═════ PROVIDED RECORDS ═════
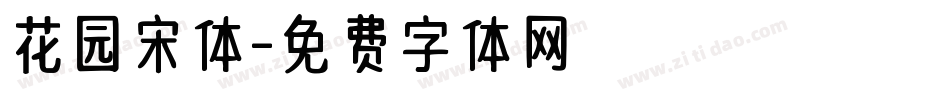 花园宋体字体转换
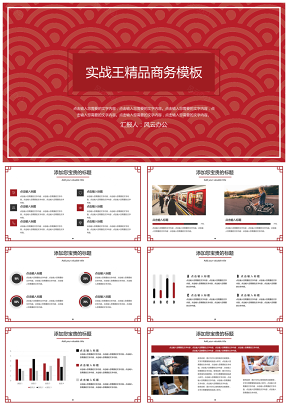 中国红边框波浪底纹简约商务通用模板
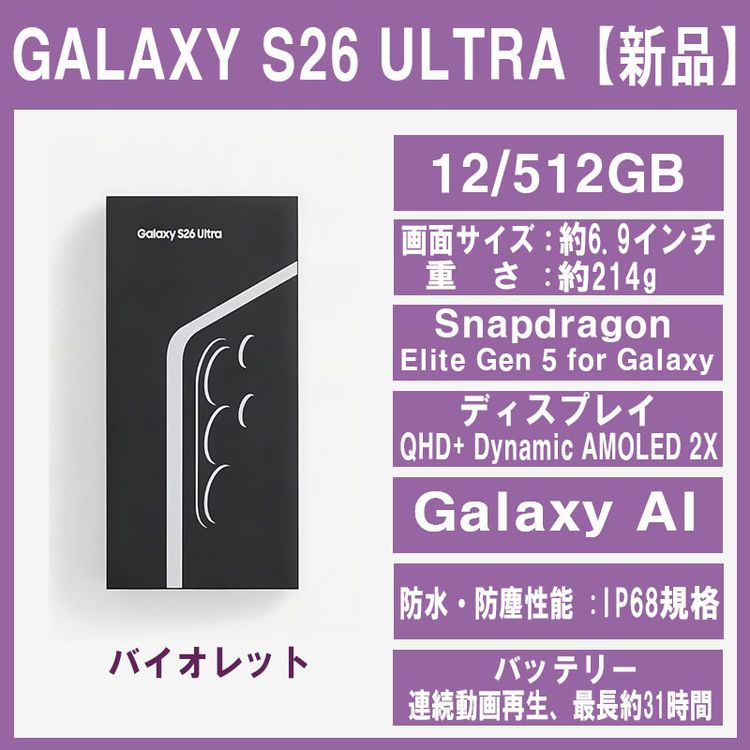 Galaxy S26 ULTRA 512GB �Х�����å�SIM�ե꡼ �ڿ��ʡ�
═════
═════ PROVIDED RECORDS ═════
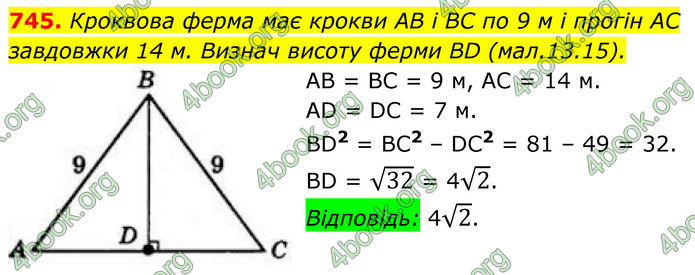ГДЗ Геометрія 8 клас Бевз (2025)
═════
═════ PROVIDED RECORDS ═════
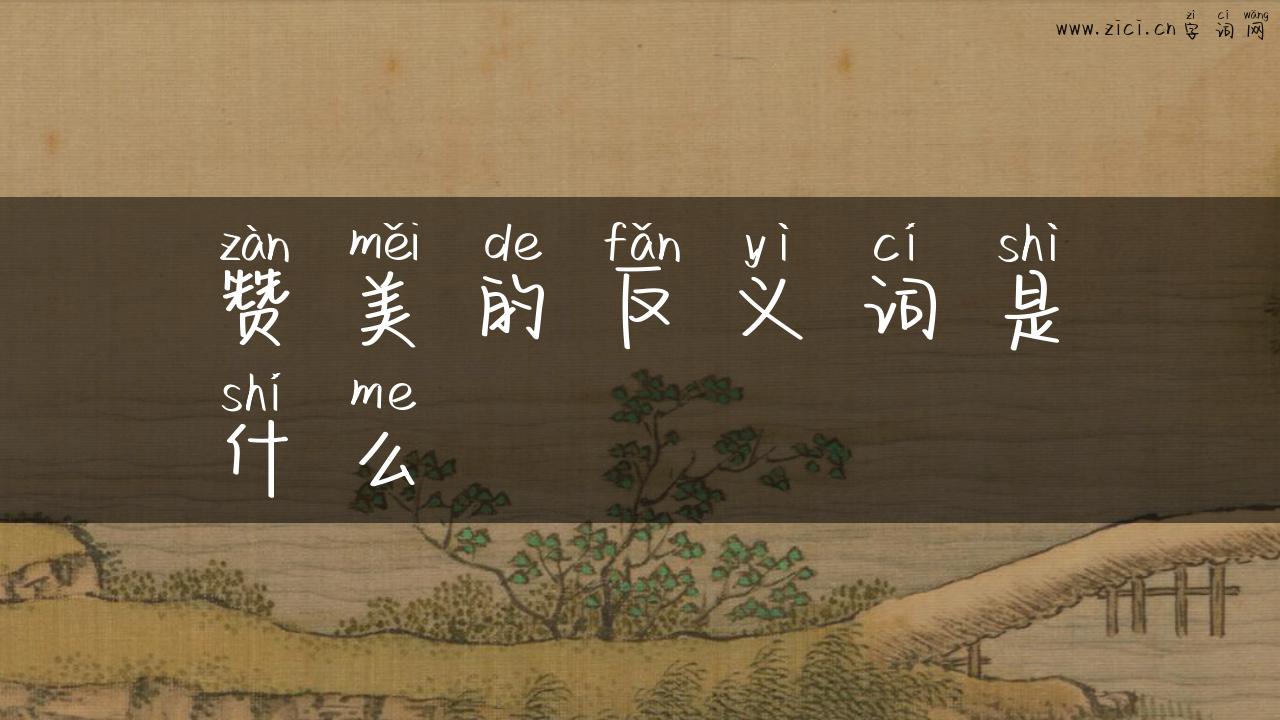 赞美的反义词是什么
═════
REQUIREMENT: Go to the line above that has "中国红边框波浪底纹简约商务通用模板" and copy exactly from there down to the line that has "Galaxy S26 ULTRA", both included. Leave the pictures out.

THE COMPLETED TASK:
 中国红边框波浪底纹简约商务通用模板
 Galaxy S26 ULTRA 512GB �Х�����å�SIM�ե꡼ �ڿ��ʡ�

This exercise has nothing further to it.